それを知っているから、善次郎の立場が悪くなりはしないかと、美千代が心配したのだ。
「一日くらい、問題はないよ」
笑って答えた善次郎だが、この時、善次郎はある決意をしていた。
それは、まだ、美千代には話していない。
その日、家に帰ってから、善次郎は寝つけなかった。
美千代と洋平も同じだったようだ。
夜中の二時頃、玄関が静かに空いた。
起きている善次郎を認めると、美千代と洋平が安堵したような顔をして、しずしずと入ってきた。
「起きてたの」
美千代が、微笑ながら言う。
「ああ、明日のことを思うと、寝つけなくってな」
「私たちも、そうなの。もしかして、あなたもそうなんじゃないかと思って、こんな夜中に悪いと思ったんだけど、勝手に鍵をあけちゃった」
はにかんだように言う美千代の気持ちが、善次郎にはよくわかった。
すでに夏は、美千代と洋平にとっても家族なのだ。
明日が待ちきれなくて、眠れない。
どうせ眠れないのなら、夏の暮らす部屋に居たいと思ったのだろう。
二人のいじらしい気持ちに、善次郎は胸を打たれた。
明け方まで、三人は、夏の話をして過ごした。
活は、美千代の膝で、安らかな寝息を立てていた。
待ちに待った当日、二人は、意気揚々と夏を迎えに向かった。
美千代も、会社を休んでいた。
朝一番に、今日は具合が悪いからと、善次郎の目の前で、会社に連絡を入れたのだ。
洋平も、学校を休むと言って利かなかったが、それは、美千代が許さなかった。
「お父さんとお母さんだけ、ずるいや」
洋平はむくれたが、「その代わり、今日は塾を休んでもいいわよ」という美千代の言葉に、渋々ながら学校へ行った。

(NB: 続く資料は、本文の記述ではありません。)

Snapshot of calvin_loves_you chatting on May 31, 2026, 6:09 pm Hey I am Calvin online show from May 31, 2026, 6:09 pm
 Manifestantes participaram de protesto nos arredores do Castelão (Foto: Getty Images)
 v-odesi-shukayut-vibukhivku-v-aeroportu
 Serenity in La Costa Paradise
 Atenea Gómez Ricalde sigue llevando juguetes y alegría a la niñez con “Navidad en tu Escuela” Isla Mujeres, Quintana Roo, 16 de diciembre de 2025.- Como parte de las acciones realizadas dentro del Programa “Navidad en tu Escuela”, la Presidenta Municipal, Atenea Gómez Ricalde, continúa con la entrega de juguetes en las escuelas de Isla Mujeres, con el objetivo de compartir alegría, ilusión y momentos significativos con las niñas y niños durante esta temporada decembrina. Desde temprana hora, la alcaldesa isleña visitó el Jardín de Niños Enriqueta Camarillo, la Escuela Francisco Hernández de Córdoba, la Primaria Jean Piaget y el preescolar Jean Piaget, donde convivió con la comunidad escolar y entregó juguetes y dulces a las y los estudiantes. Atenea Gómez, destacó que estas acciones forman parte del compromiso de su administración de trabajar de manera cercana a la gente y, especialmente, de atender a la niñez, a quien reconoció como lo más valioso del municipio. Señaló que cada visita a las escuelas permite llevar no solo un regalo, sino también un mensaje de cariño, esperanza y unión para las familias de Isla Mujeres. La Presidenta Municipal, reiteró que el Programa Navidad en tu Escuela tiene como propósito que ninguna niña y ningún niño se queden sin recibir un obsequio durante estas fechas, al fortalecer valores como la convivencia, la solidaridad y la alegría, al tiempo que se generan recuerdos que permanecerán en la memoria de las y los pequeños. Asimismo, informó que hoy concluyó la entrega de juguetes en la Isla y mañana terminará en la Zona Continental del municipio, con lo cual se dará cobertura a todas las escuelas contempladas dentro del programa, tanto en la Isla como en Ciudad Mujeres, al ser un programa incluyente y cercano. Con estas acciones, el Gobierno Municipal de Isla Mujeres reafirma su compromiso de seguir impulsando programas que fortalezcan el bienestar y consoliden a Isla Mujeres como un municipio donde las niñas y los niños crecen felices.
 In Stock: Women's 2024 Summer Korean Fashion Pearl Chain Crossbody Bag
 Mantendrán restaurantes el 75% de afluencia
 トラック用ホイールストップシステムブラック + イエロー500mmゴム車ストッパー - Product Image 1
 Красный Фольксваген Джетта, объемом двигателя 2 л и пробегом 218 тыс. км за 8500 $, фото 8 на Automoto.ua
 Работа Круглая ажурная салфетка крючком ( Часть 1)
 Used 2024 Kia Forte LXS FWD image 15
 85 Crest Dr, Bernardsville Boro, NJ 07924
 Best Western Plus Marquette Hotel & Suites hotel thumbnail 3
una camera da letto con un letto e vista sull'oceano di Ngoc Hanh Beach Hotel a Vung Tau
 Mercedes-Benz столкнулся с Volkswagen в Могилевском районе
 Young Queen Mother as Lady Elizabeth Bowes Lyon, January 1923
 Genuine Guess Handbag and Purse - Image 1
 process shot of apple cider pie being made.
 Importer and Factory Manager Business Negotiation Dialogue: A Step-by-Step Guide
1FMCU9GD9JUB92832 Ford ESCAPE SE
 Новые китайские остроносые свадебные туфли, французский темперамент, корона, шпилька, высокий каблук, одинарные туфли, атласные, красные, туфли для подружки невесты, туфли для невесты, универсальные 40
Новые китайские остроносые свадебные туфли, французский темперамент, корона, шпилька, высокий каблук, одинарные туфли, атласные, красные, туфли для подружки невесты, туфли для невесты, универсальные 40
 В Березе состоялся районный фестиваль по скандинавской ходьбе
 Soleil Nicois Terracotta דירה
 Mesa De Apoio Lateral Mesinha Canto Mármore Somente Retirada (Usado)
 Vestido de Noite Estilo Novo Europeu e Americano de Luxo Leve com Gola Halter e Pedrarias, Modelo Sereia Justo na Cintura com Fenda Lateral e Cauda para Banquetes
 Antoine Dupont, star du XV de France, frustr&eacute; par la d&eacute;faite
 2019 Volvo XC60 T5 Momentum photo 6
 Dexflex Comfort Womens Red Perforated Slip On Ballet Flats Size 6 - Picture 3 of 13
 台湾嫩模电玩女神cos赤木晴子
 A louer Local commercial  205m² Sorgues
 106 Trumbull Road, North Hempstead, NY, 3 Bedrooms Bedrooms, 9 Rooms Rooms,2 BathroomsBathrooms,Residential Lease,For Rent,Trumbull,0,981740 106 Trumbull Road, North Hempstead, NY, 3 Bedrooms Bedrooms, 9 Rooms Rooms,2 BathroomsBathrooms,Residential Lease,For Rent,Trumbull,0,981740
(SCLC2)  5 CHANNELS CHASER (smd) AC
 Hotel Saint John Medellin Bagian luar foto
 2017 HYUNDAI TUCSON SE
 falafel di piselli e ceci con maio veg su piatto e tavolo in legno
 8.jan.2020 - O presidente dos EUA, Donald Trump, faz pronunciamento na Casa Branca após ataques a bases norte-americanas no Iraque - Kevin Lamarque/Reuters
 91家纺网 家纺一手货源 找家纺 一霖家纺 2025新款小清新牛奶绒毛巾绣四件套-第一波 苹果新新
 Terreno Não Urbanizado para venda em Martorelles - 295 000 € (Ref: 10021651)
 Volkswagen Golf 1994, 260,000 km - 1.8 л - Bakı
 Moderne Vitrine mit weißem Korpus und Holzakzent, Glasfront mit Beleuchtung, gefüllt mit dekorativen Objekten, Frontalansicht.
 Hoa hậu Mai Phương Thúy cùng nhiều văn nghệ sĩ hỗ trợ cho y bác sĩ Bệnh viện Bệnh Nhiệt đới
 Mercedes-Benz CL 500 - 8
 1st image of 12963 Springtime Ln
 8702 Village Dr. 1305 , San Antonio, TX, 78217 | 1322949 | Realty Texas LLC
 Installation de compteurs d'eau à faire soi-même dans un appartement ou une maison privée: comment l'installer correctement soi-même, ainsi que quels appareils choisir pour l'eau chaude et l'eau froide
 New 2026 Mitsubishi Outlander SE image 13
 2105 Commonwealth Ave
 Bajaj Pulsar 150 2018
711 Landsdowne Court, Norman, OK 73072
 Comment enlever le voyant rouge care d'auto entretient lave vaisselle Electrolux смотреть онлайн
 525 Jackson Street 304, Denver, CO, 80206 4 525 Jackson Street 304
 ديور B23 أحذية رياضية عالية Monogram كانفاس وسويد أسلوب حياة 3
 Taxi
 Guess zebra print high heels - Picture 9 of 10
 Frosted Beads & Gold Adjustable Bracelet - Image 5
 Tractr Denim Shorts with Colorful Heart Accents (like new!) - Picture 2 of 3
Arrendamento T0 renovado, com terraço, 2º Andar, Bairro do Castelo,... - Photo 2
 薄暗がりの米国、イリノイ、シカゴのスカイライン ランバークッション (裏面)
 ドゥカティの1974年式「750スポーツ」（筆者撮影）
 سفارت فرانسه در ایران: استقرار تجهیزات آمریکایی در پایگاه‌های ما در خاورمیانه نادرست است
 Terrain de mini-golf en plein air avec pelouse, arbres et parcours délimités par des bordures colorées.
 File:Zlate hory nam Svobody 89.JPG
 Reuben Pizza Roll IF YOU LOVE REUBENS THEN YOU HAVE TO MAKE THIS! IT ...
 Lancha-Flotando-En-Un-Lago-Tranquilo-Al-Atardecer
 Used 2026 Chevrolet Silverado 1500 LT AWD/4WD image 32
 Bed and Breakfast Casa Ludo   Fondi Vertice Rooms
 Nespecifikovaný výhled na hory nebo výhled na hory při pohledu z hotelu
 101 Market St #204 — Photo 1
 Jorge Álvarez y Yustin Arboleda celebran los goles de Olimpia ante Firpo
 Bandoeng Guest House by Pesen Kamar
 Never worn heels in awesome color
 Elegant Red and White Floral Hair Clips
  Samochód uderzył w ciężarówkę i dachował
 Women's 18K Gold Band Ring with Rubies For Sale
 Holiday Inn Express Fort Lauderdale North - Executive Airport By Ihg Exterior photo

三人とも一睡もしておらず、目は充血していたが、夏が帰ってくるという喜びで、しんどさなど微塵もなかった。
夏は、すっかり元気になっていた。
二人の姿を認めると、ニャアニャアと、力いっぱい鳴いた。
夏も、家へ帰れるとわかっているようだ。
ケージを開けると、善次郎の胸に飛び込んできた。
いつもは抵抗する籠にも、自ら進んで入った。
善次郎と美千代は、くどいほど先生にお礼を言って、病院を後にした。
家の傍に来ると、夏が、籠の中でがさごそと身体を動かし、ニャアニャアと鳴きだした。
「よしよし、もう直ぐお家だからね」
善次郎と美千代が、同時に言った。
二人が、顔を見合わせて笑う。
部屋に入り、籠を開けると、夏がダッシュで飛び出した。
夏にとっては、久しぶりの我が家だ。
懐かしそうに、部屋中を見回している。
活が、夏にすり寄っていった。
夏も、活に身を寄せる。
二匹が、お互いの身体を舐め合い始めた。
「お帰り」
そんな二匹を、ほのぼのとした気持ちで眺めながら、善次郎が心の中で呟いた。